We were able to identify an effect of PUVA on the IL-23/Th17 axis that was disturbed in the K5.hTGF-β1 transgenic mice compared with WT mice. At the mRNA level, PUVA depressed the abnormally elevated mRNA levels of IL-17A, IL-17F, IL-12p35, IL-12p40, and IL-23p19 and orphan nuclear receptor RORγt and STAT3 transcription factors in the skin of transgenic mice (Fig. 2A). These results were paralleled by the depression of serum protein levels of IL-17, IL-12p70 (i.e., the bioactive heterodimer composed of the p40 and p35 IL-12 subunits), IL-23, IL-6, IL-1a, and IL-1b (Fig. 2B). UVA given alone had no significant effect on these factors. Immunohistochemical staining with anti–IL-23p19 Ab revealed that the keratinocytes of the lower layers of the epidermis as well as certain infiltrating cells of the dermis stained positive in the vehicle-treated transgenic mice. PUVA depressed this IL-23 positivity (Fig. 2C, 2D) as well as STAT3 in the dorsal skin (Supplemental Fig. 6).
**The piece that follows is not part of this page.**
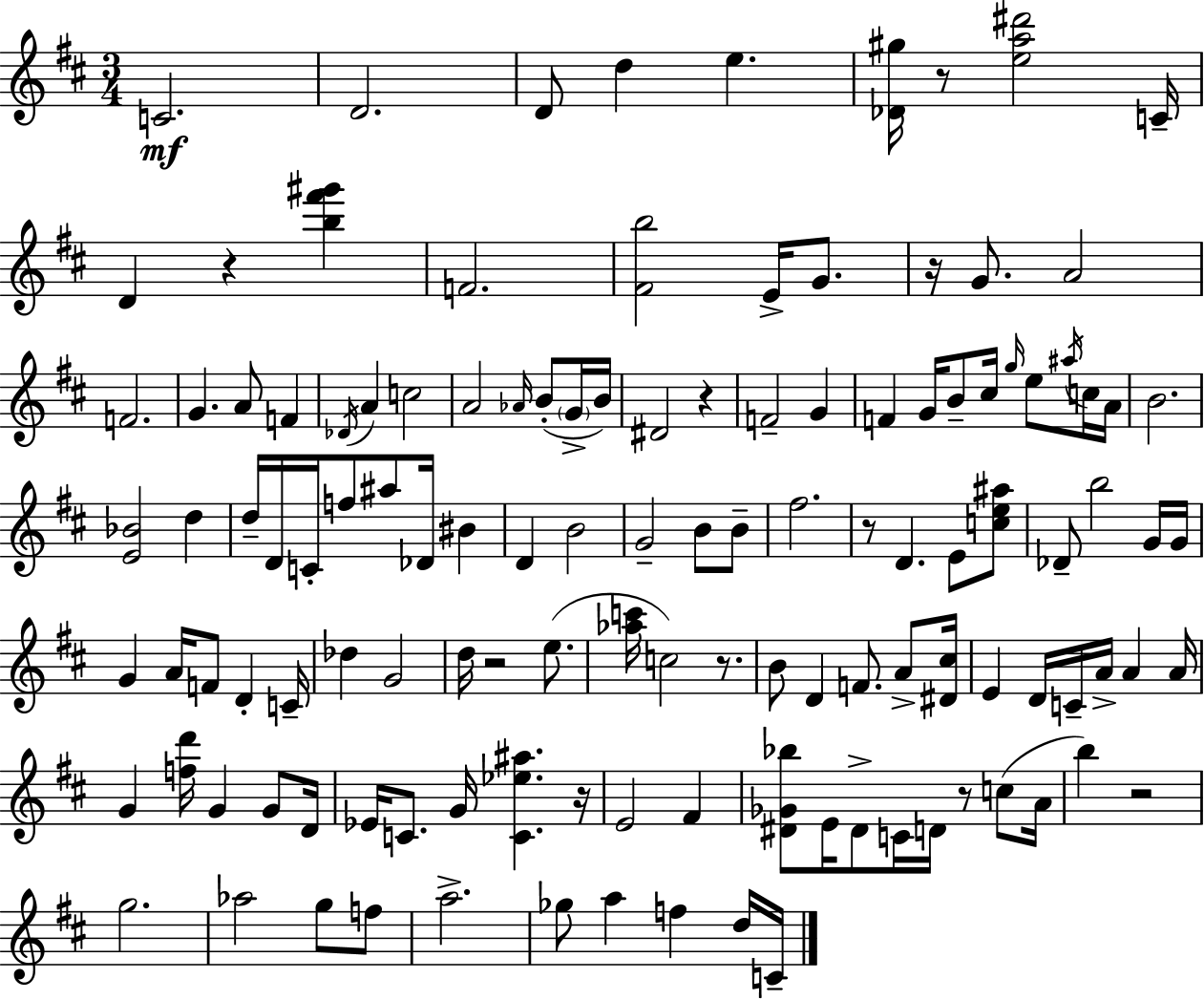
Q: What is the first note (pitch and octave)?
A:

To determine the influence of PUVA treatment on the CD4⁺IL-17⁺ T cell population, we performed intracellular cytokine staining on pooled splenocytes obtained at the end of the 4-wk PUVA treatment regimen. PUVA decreased IL-17A– and IL-17F–producing CD4⁺ T cells in transgenic mice in a dose-dependent fashion by up to ∼2- and 6-fold, respectively (Fig. 2E). We also found that PUVA downregulated abnormally elevated serum levels of G-CSF, GM-CSF, MCP-1, RANTES, KC, IP-10, MIP-1a, IL-9, TNF-α, and IFN-γ (Fig. 3A). In contrast, PUVA increased protein levels of IL-4, IL-10, and IL-13 in the serum. IL-2, IL-5, IL-7, and IL-15 levels were below the detection limit in all samples analyzed by bead immunoassay. Both PUVA doses upregulated IL-4 and IL-10 but downregulated IFN-γ mRNA expression in the skin, consistent with the decrease of those cytokines in the serum (Fig. 3B). In addition, PUVA decreased the IFN-γ content of CD4⁺ T cells in splenocytes in a dose-dependent fashion by up to >10-fold in transgenic mice (Supplemental Fig. 2).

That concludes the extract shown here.